Please write out exactly the lines from the one with "Albergo Residenza Al" through the end of the data below, both ends included, and omit any pictures.

★ ★ ★ ★ ★ ★ ★

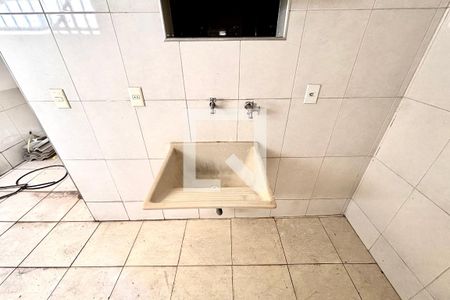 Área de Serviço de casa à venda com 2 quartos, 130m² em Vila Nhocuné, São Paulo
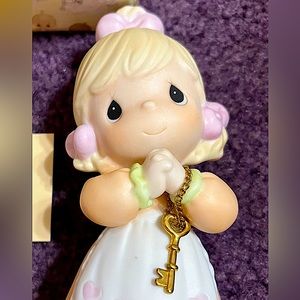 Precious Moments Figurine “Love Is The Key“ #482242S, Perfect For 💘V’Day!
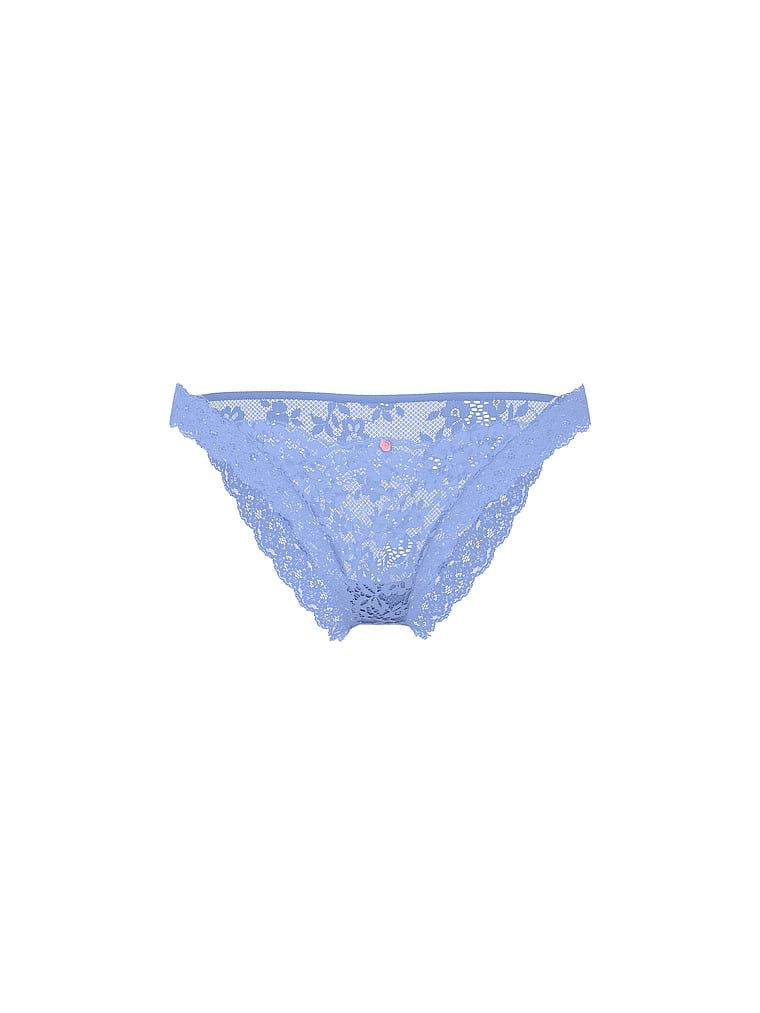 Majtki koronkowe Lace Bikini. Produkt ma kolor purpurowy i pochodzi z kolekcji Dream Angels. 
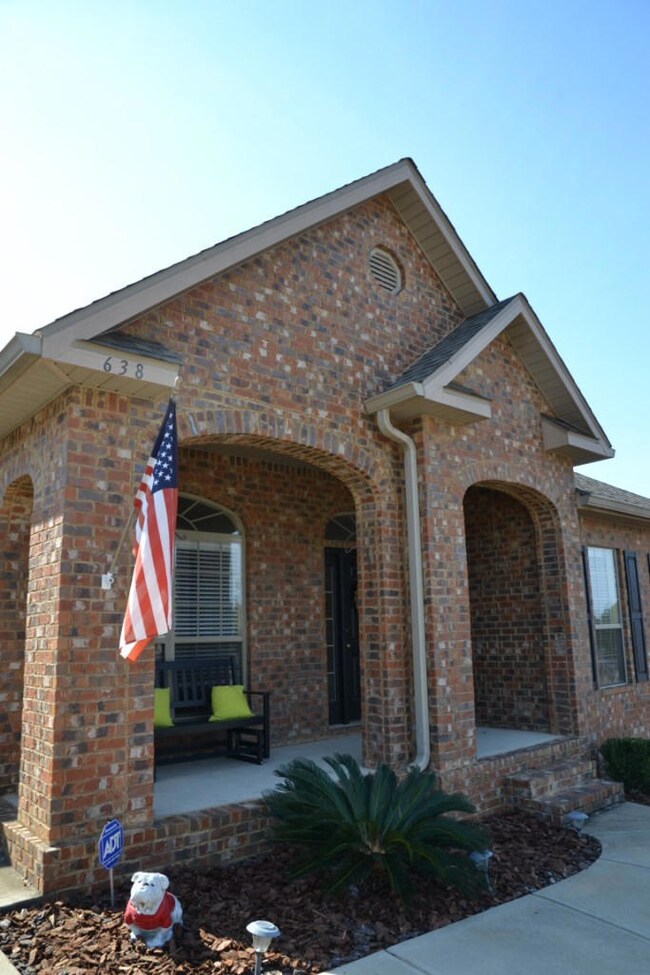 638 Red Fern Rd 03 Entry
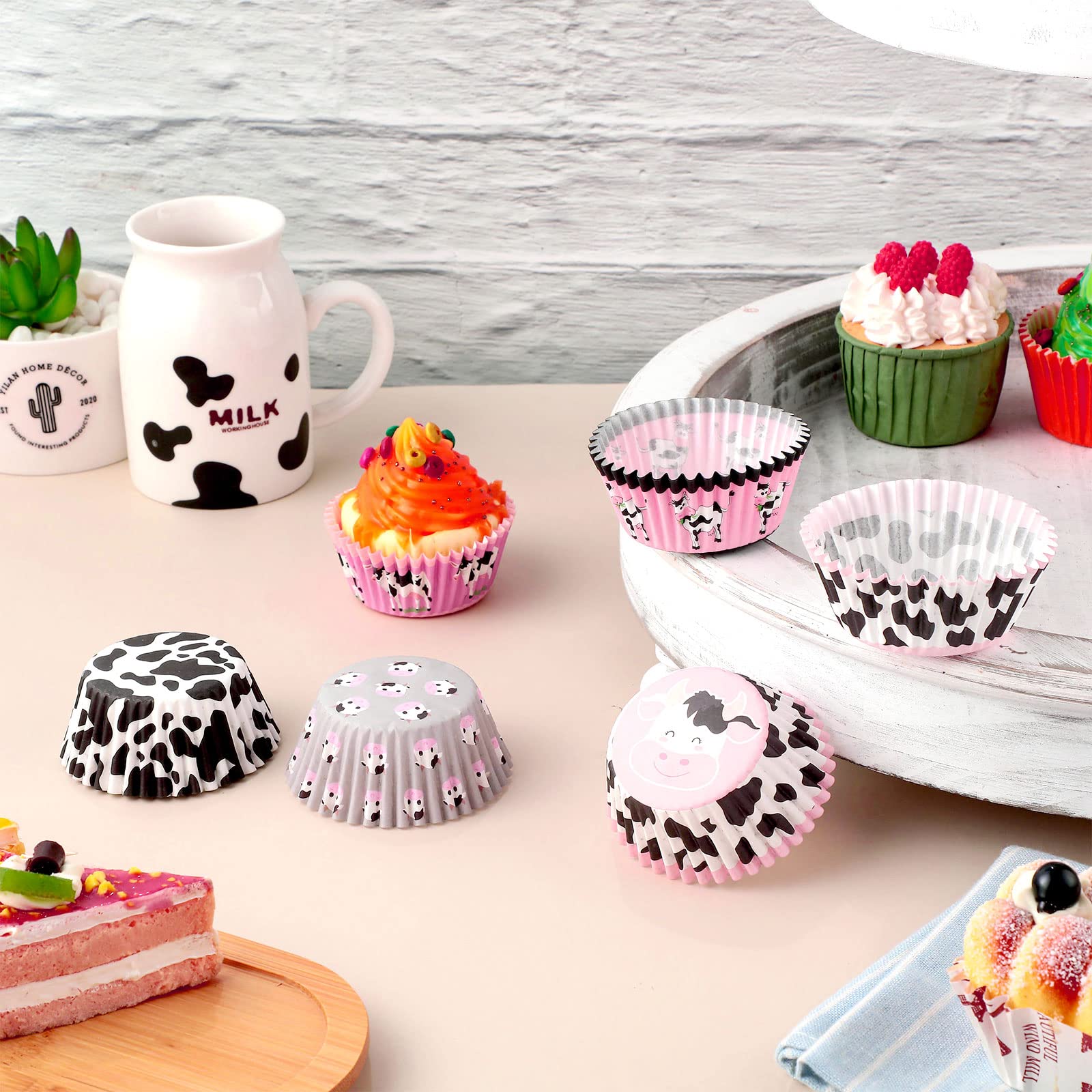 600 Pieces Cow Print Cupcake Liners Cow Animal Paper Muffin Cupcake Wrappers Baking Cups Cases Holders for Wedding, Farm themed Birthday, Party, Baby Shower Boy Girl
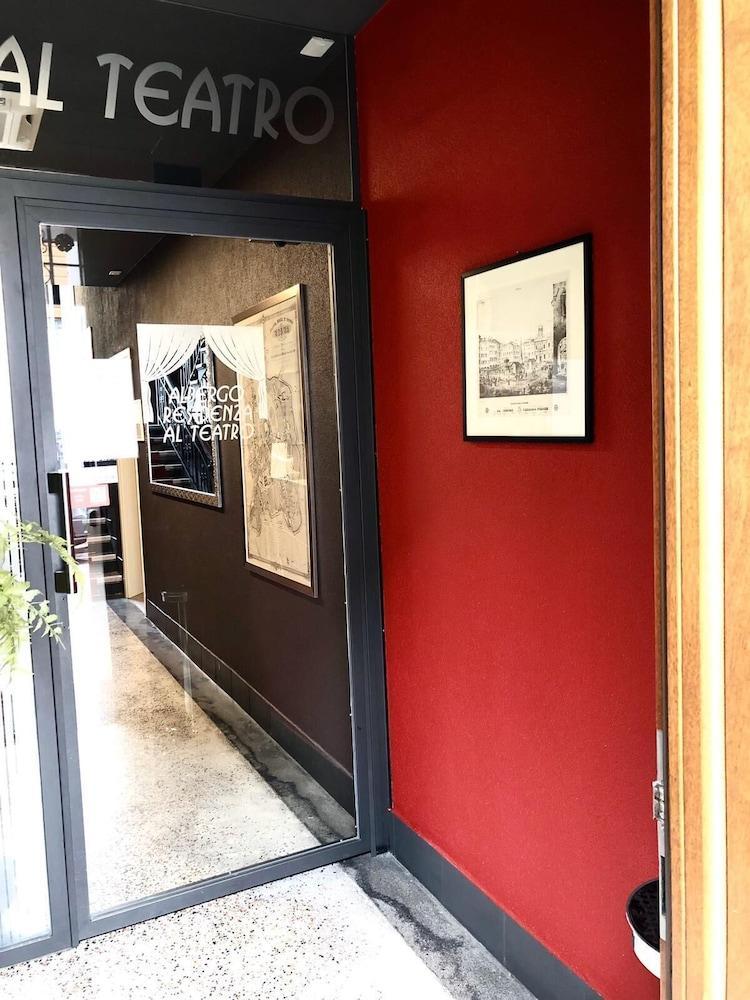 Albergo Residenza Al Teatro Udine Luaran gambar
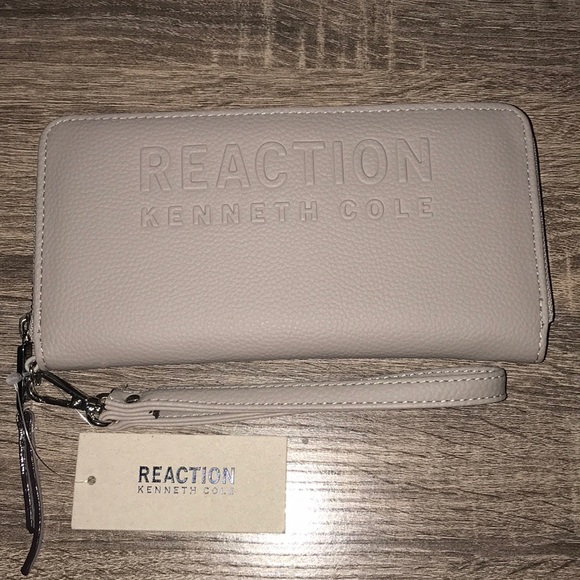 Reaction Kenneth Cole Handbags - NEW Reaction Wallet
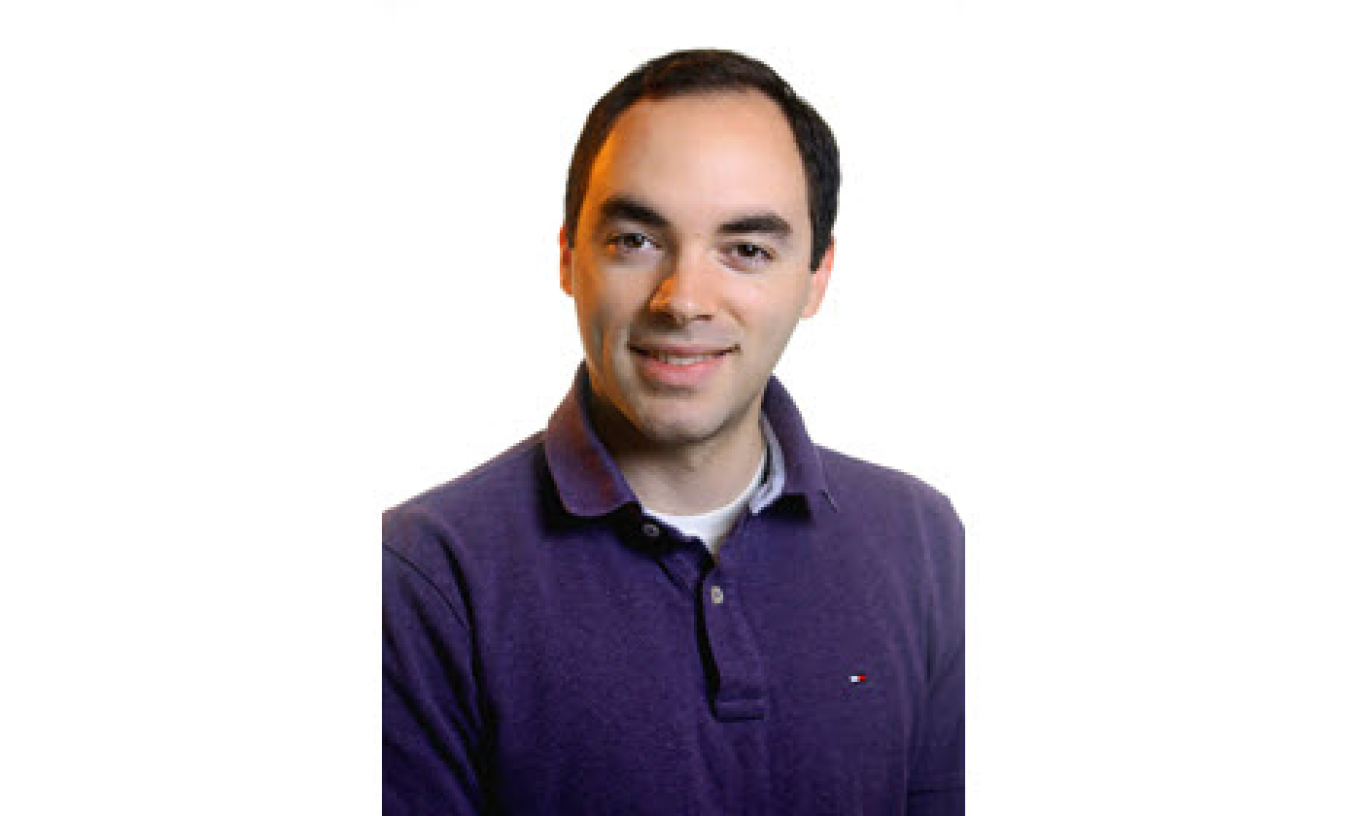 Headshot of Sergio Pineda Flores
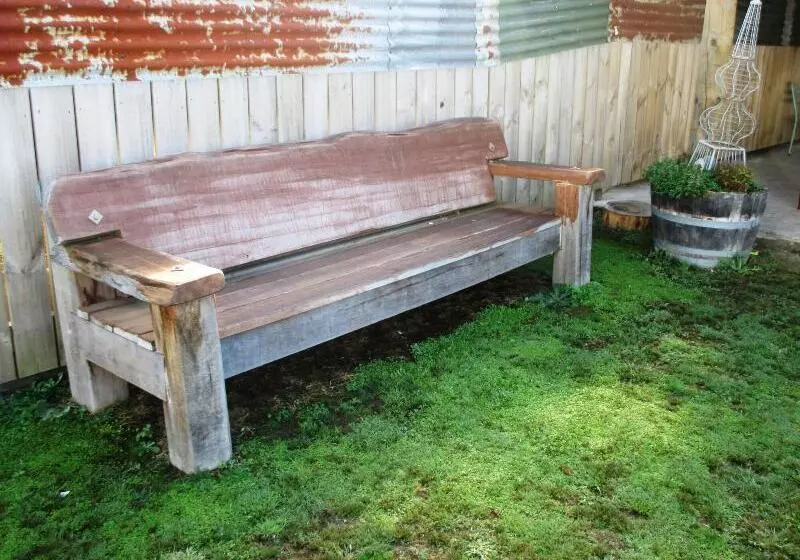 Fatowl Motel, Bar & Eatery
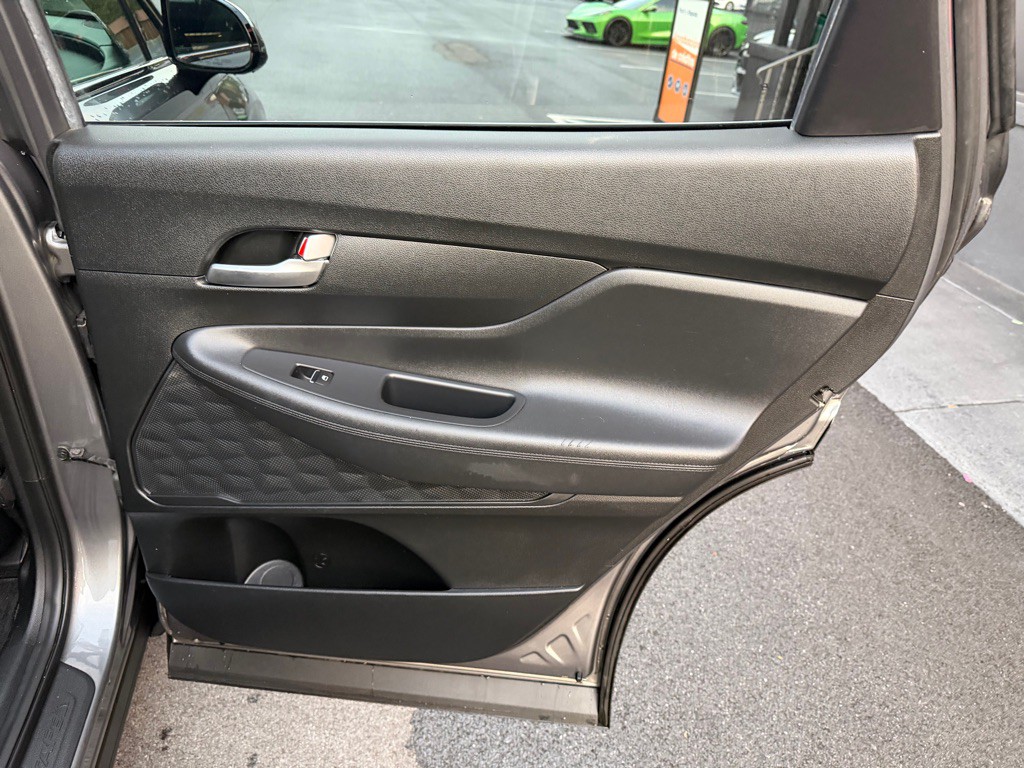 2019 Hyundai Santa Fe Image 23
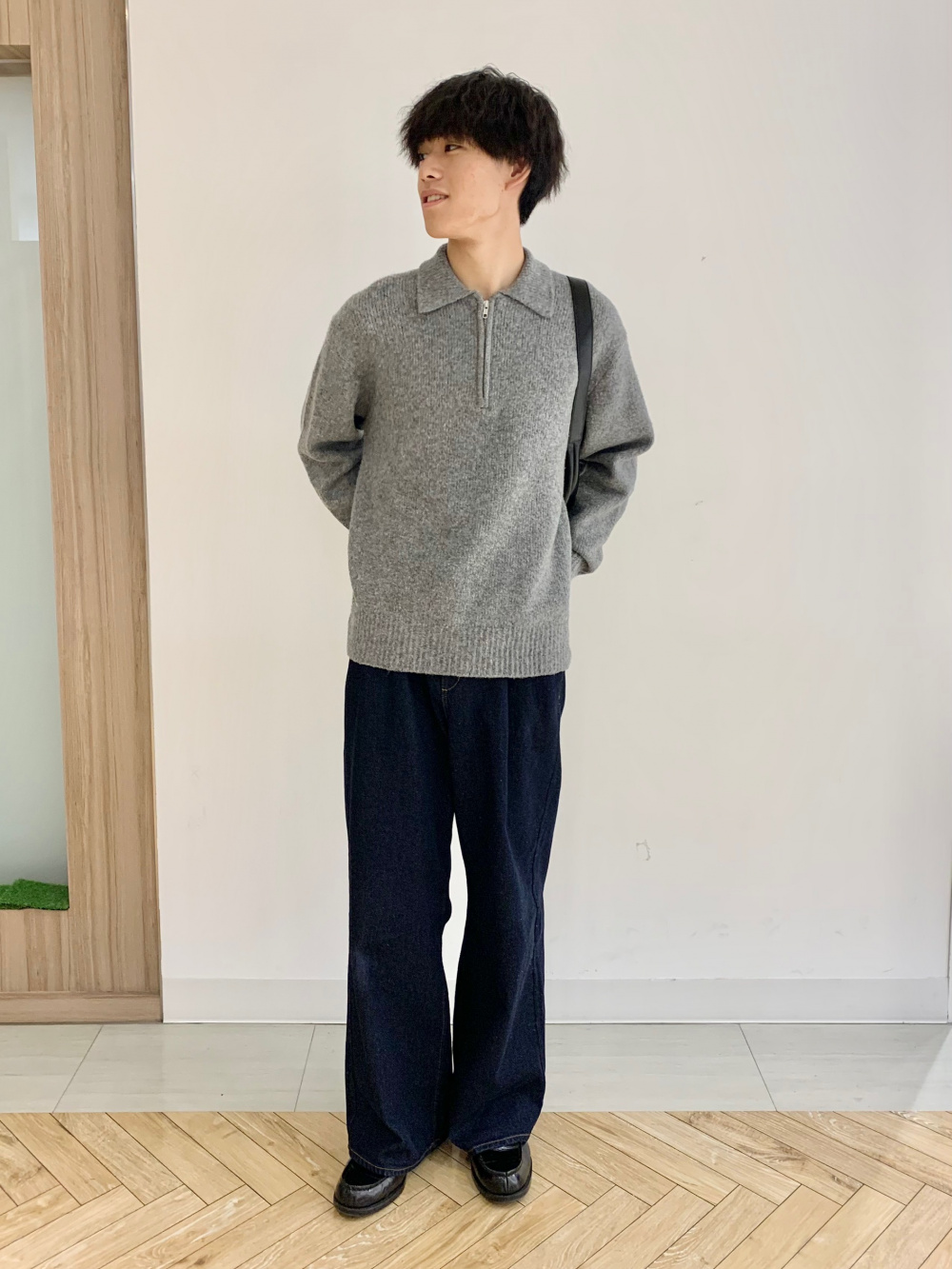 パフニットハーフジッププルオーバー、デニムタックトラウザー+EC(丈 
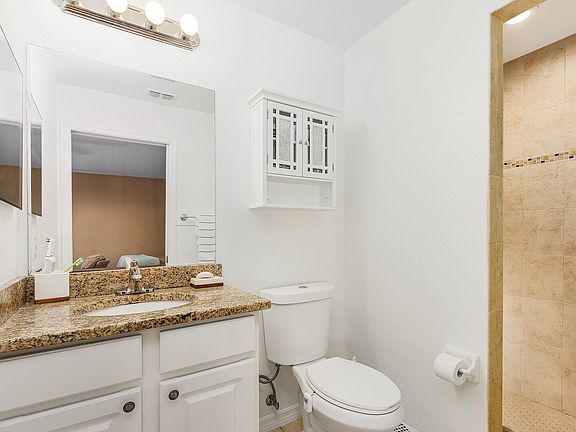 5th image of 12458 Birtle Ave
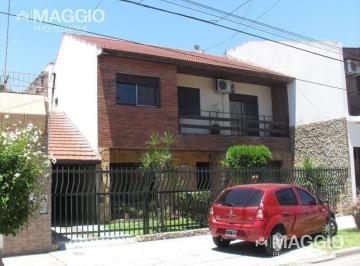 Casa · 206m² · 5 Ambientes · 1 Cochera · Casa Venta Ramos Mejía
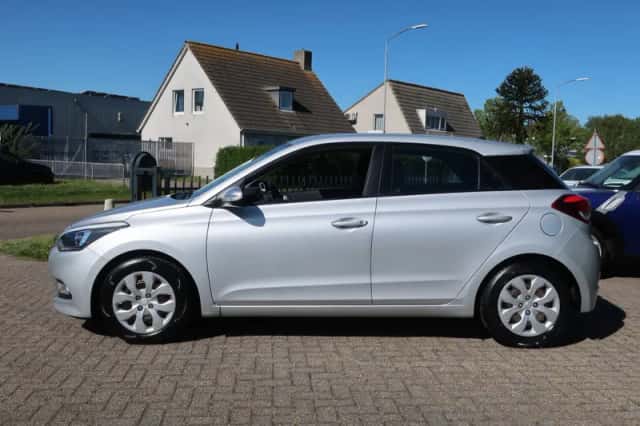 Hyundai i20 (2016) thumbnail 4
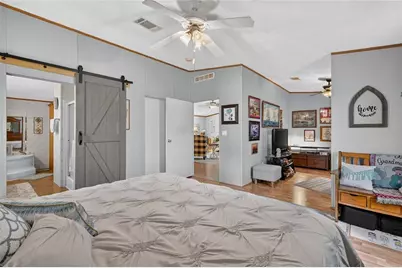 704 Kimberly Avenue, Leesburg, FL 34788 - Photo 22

★ ★ ★ ★ ★ ★ ★

◆ **Finished task**
 Albergo Residenza Al Teatro Udine Luaran gambar
 Reaction Kenneth Cole Handbags - NEW Reaction Wallet
 Headshot of Sergio Pineda Flores
 Fatowl Motel, Bar & Eatery
 2019 Hyundai Santa Fe Image 23
 パフニットハーフジッププルオーバー、デニムタックトラウザー+EC(丈 
 5th image of 12458 Birtle Ave
 Casa · 206m² · 5 Ambientes · 1 Cochera · Casa Venta Ramos Mejía
 Hyundai i20 (2016) thumbnail 4
 704 Kimberly Avenue, Leesburg, FL 34788 - Photo 22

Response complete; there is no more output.